"""

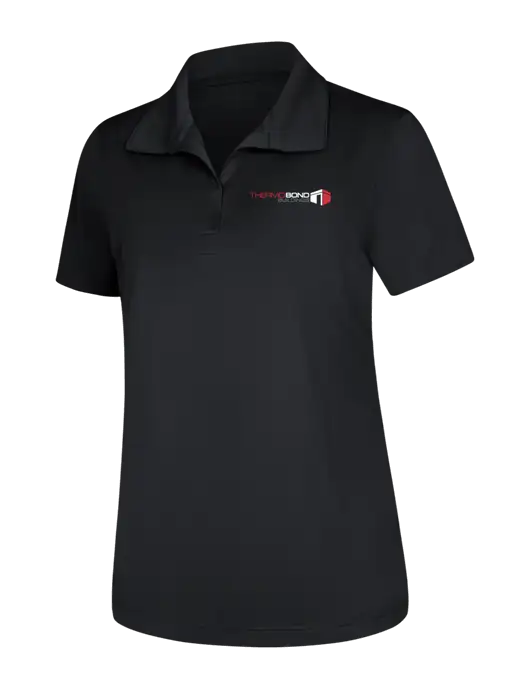 Womens Black Micropique Sport-Wick Polo w/Thermo Bond Logo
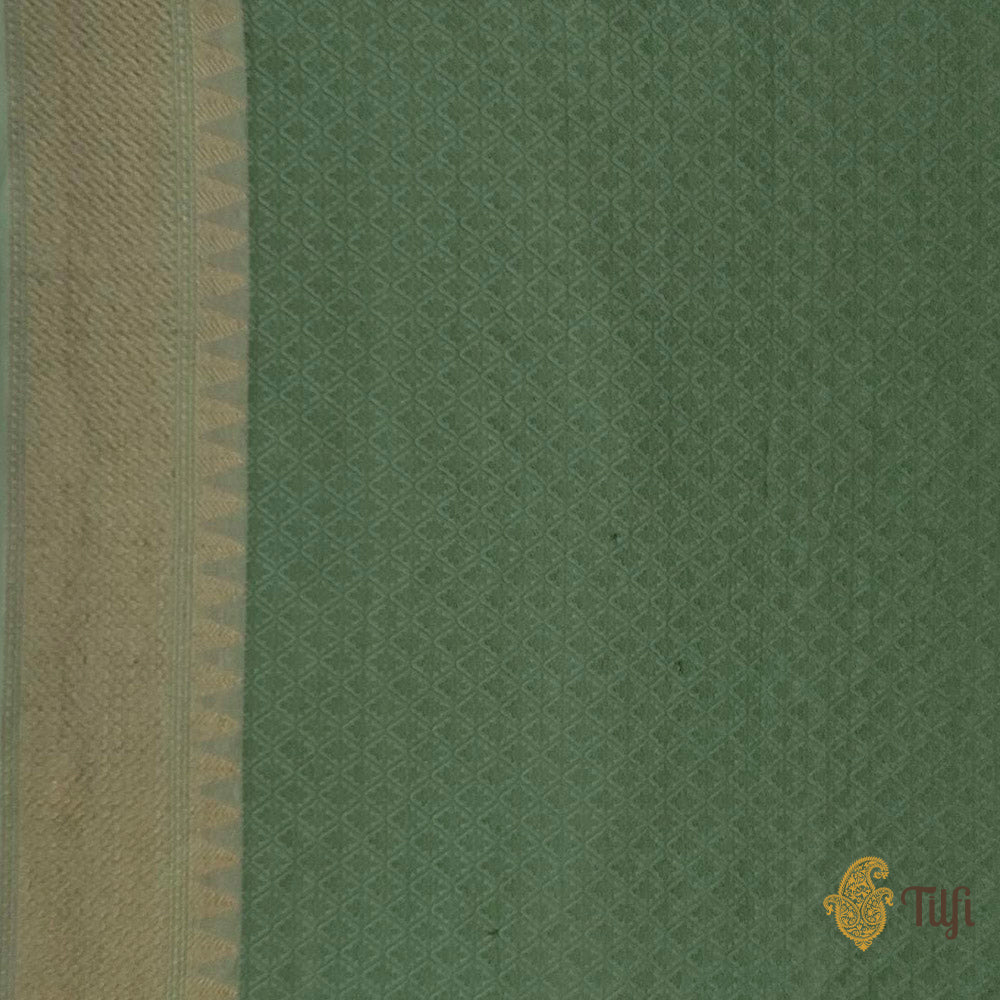 Mint Green Pure Kora Silk Banarasi Handloom Saree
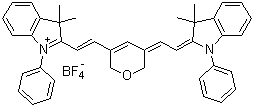 CAS # 262607-26-1, 2-((E)-2-[5-[(Z)-2-(3,3-Dimethyl-1-phenyl-1,3-dihydro-2H-indol-2-ylidene)ethylidene]-2H-pyran-3(6H)-yl]ethenyl)-3,3-dimethyl-1-phenyl-3H-indolium tetrafluoroborate
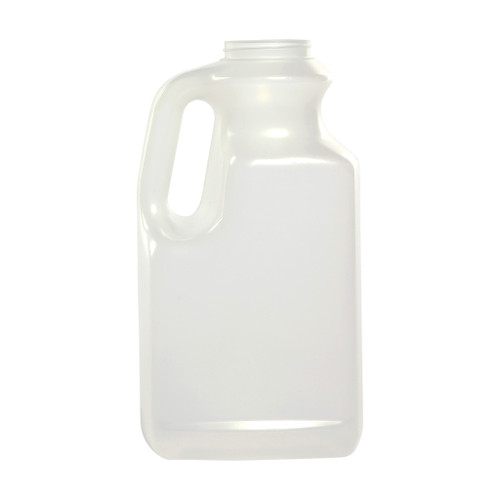 64 oz White HDPE Plastic Handleware Oblong Bottle, 38mm Special, 118 Gram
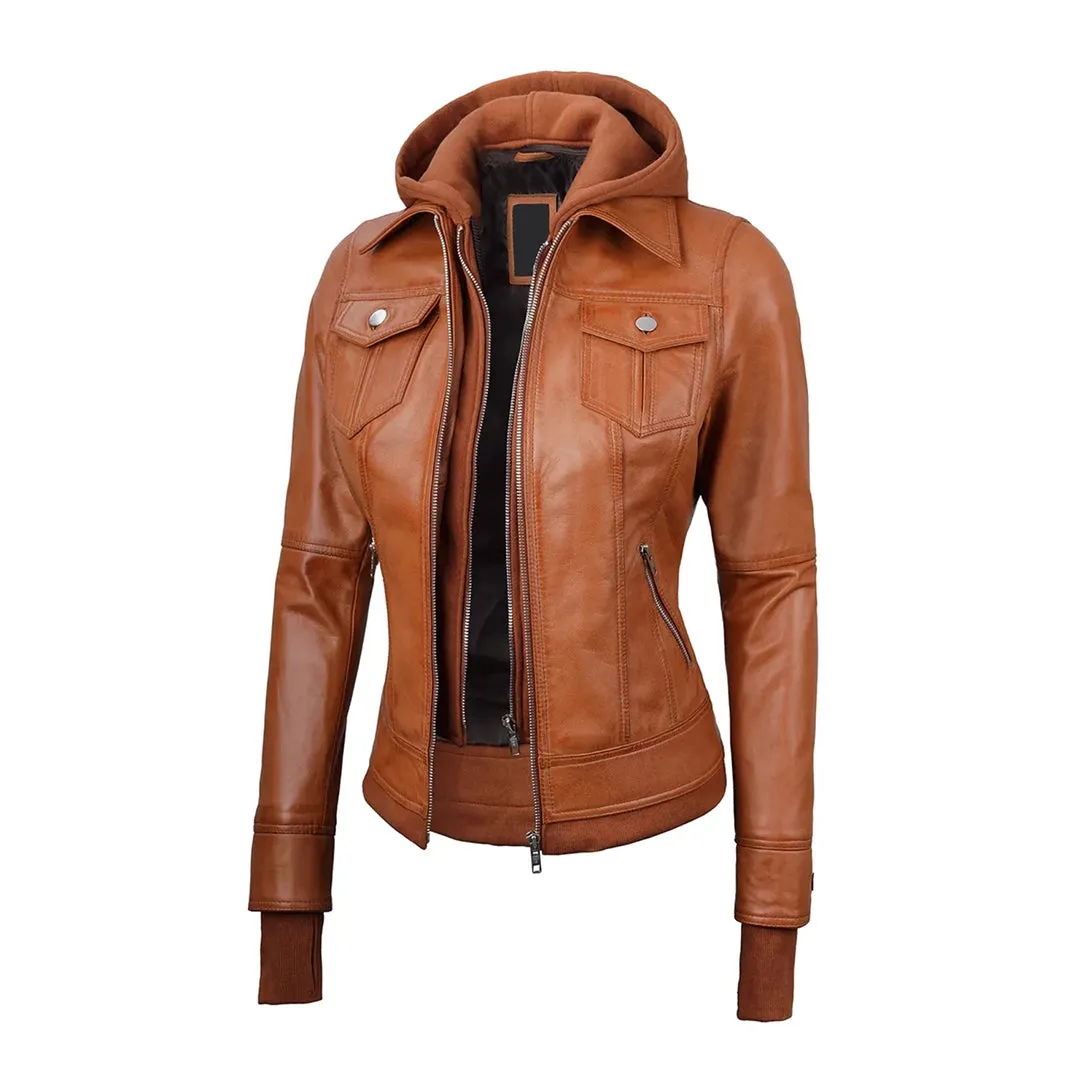 Tralee Womens Tan Wax Bomber Leather Jacket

"""

WHAT YOU SHOULD DO:
Copy the records exactly, leaving out every picture.

SOLUTION FOR THIS EXERCISE:
 Womens Black Micropique Sport-Wick Polo w/Thermo Bond Logo
 Mint Green Pure Kora Silk Banarasi Handloom Saree
 CAS # 262607-26-1, 2-((E)-2-[5-[(Z)-2-(3,3-Dimethyl-1-phenyl-1,3-dihydro-2H-indol-2-ylidene)ethylidene]-2H-pyran-3(6H)-yl]ethenyl)-3,3-dimethyl-1-phenyl-3H-indolium tetrafluoroborate
 64 oz White HDPE Plastic Handleware Oblong Bottle, 38mm Special, 118 Gram
 Tralee Womens Tan Wax Bomber Leather Jacket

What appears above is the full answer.